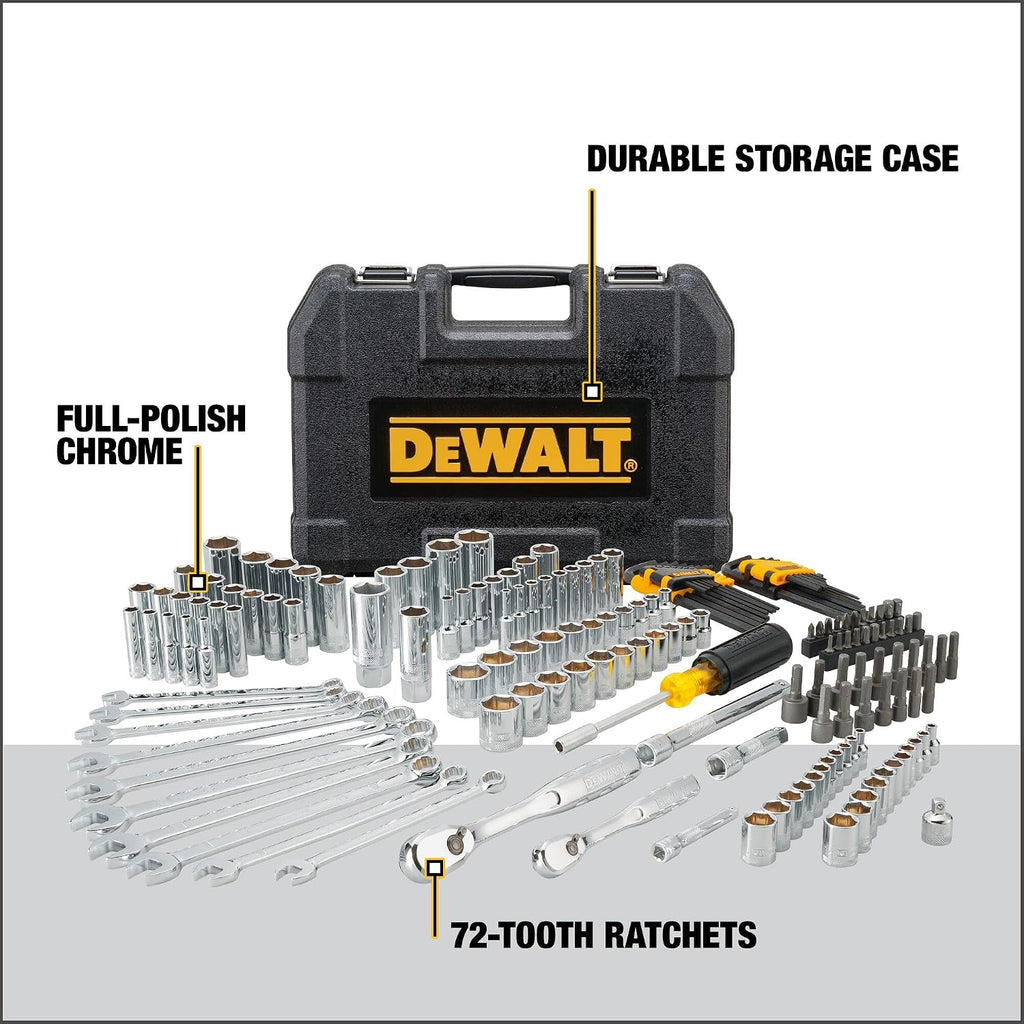 DEWALT Mechanics Tool Set, 1/4 and 3/8 Inch Drive, SAE, 172-Piece (DWMT81533)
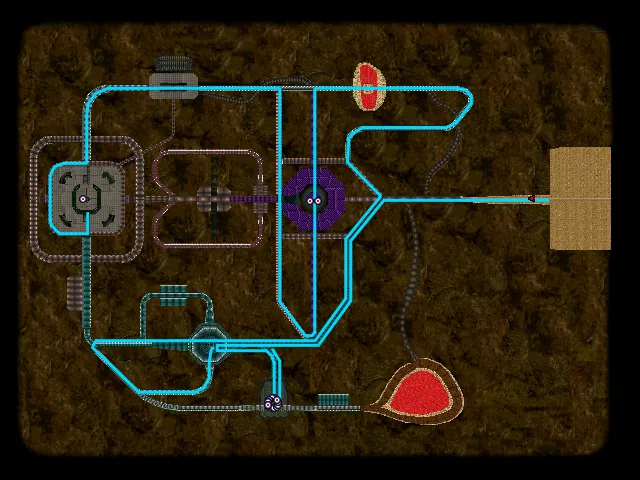 Thumbnail for a map of Level 10-4: Local Nuclear Silo (In-Game Map) for the PC game Carmageddon II: Carpocalypse Now.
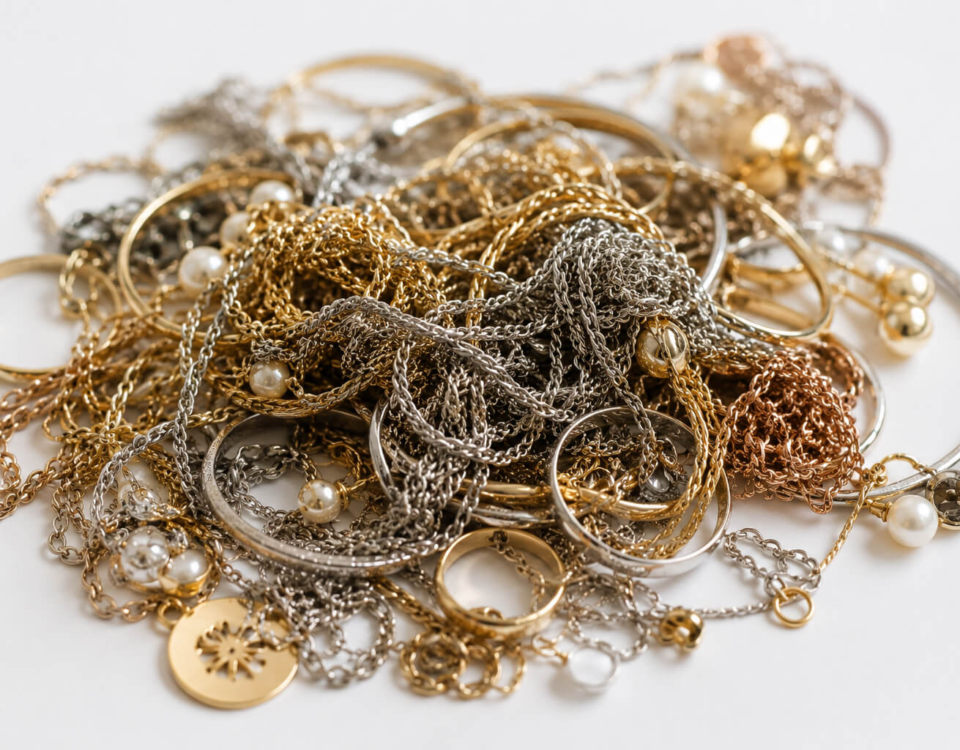 Colliers, bagues et bracelets emmêlés illustrant comment ne pas ranger ses bijoux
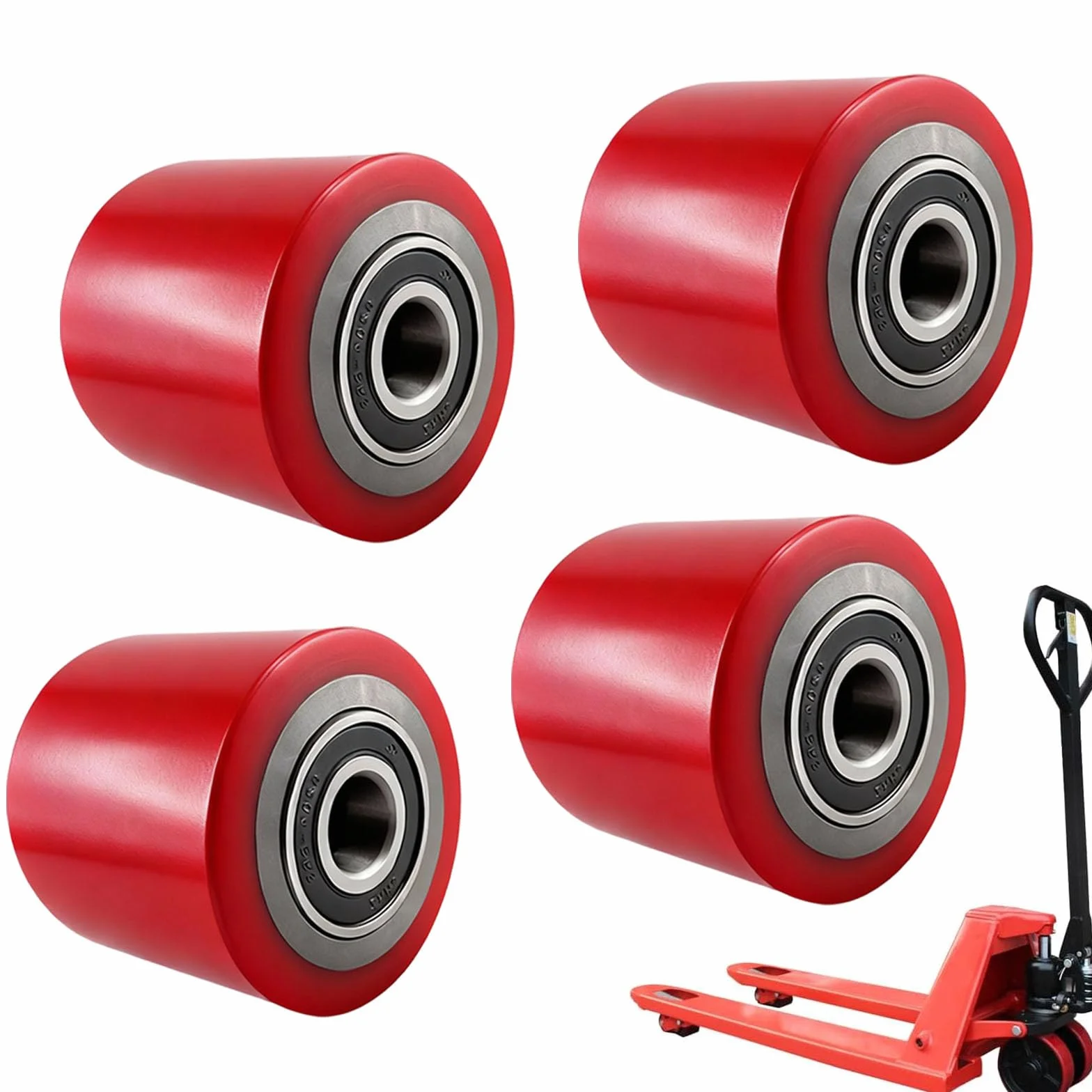 Ruedas para Transpaleta de Poliuretano 80 x 70mm, Eje 20mm, Capacidad 750kg, 4 Piezas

Brief: Please copy, exactly and only, the lines of the listing that run from the one holding "Colliers, bagues et" through its last line, and exclude pictures.

Task output:
 Colliers, bagues et bracelets emmêlés illustrant comment ne pas ranger ses bijoux
 Ruedas para Transpaleta de Poliuretano 80 x 70mm, Eje 20mm, Capacidad 750kg, 4 Piezas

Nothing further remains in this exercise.